Hospitals are uniting in their contempt for MA and the administrative hassles of dealing with MA plans, including delayed payments. In 2023, Becker’s Hospital Review reported that hospitals and health systems in at least 11 states announced that they would drop some or all of their MA plans in 2024. A Healthcare Financial Management Association survey found that 16% of health systems were planning to stop accepting MA plans in the next two years, and 45% were considering it.
Physical therapists, however, are caught in a different kind of math problem. By 2025, physical therapists will face a combined cut of approximately 13.93% due to both the cumulative conversion factor cuts and inflation (Medicare Advantage payers received over a 20% increase in the same period!). These cuts are layered on top of years of stagnant or declining reimbursements and are exacerbated by inflation rates that have been as high as 7% in 2021, trickling down to about 3% year-to-date in 2024.
So why don’t we see physical therapy providers dropping Medicare Advantage plans en masse? Is it our commitment to patient care, refusal to admit that we are seeing these patients below our cost, aversion to risk, our reliance on these contracts for patient volume, or simply a lack of viable alternatives? Ironically, it is likely none of those reasons! For many of the larger MA plans, it is because they have forced us to participate! Many MA payers will not let physical therapists enroll in their commercial products (non MA plans) typically indexed around Medicare, unless they agree to a contract on their MA patients (below medicsre rates). This is particularly challenging to providers in markets where a commercial payor has a dominant market share.
The disparity in responses between payers, hospitals, and physical therapy providers points to a deeper issue in the system. It raises a tough question for the industry: At what point does the math no longer justify the mission?
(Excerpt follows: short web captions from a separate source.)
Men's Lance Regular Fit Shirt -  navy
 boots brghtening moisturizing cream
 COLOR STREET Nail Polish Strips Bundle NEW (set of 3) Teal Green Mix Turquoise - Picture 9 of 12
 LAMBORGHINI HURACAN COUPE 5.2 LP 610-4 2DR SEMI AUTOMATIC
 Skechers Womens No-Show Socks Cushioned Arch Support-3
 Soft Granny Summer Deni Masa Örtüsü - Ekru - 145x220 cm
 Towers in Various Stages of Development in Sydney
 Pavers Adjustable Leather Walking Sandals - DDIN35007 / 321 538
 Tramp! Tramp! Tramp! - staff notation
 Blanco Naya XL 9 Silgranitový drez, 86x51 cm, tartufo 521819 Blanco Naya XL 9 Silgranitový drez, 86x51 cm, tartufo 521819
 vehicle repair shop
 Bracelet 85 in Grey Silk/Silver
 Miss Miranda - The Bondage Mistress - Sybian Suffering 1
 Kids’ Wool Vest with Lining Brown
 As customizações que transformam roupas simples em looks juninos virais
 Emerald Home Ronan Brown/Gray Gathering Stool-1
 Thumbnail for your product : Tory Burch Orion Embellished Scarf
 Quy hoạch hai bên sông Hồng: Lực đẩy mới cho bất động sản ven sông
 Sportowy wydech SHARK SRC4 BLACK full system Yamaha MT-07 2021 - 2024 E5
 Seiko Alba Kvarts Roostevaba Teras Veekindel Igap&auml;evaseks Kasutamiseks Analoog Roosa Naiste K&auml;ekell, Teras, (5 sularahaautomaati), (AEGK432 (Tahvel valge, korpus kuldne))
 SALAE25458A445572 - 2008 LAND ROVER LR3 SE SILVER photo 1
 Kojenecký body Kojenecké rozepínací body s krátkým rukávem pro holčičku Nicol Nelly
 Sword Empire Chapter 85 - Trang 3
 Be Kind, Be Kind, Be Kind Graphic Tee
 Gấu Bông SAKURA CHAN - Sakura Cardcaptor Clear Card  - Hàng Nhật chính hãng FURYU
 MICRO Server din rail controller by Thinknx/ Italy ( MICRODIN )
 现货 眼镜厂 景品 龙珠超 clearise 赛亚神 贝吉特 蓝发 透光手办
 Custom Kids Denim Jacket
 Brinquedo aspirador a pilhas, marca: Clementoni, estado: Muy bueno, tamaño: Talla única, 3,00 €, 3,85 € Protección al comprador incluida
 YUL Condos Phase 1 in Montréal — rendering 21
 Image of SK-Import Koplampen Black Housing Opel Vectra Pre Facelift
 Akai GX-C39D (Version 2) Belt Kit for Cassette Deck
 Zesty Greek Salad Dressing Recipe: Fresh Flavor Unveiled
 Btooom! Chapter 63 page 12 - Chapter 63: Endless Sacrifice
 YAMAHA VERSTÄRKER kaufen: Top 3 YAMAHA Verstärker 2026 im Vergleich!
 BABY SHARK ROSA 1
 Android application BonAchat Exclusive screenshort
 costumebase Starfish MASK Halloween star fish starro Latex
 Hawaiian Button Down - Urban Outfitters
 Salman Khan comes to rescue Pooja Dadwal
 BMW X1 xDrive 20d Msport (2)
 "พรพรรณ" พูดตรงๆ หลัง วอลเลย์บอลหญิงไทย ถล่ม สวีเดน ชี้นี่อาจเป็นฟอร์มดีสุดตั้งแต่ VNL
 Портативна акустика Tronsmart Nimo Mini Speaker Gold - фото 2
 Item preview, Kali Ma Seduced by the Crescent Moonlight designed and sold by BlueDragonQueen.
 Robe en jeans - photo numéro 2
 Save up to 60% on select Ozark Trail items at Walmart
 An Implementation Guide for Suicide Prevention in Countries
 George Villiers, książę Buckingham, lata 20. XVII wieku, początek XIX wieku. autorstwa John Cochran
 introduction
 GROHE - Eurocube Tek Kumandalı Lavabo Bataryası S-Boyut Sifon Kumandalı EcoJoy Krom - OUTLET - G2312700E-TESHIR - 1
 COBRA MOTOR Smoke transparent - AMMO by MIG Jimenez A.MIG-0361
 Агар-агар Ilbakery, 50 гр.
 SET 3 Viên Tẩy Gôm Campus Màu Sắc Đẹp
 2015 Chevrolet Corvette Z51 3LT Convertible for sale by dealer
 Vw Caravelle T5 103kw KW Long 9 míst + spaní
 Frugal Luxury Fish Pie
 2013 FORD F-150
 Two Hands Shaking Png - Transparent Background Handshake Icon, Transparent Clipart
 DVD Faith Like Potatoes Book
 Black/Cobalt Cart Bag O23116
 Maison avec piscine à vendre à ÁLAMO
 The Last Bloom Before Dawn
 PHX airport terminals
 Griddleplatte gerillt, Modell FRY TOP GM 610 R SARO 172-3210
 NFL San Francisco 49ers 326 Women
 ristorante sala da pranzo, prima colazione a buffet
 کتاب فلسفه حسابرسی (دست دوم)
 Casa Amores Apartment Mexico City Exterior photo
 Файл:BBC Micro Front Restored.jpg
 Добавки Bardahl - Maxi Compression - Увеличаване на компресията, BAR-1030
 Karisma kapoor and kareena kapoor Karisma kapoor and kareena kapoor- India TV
When will #physicaltherapy say no or coalesce around the absurd practices of forcing to be on MA panels just because they have large patient beneficiaries in the commercial market.
Physical therapy providers continue to provide services under increasingly untenable financial conditions, absorbing the blows of declining reimbursement while hospitals and payers protect their profit margins. It’s a testament to the resilience and commitment of our field, but it’s also a signal that we must start advocating more forcefully for our place at the table. The broader financial context is undeniable, and the status quo is not sustainable. If others can walk away when the numbers don’t work, why can’t we? It’s time to rethink our approach and push for changes that respect the value we bring to patient care and the healthcare system at large.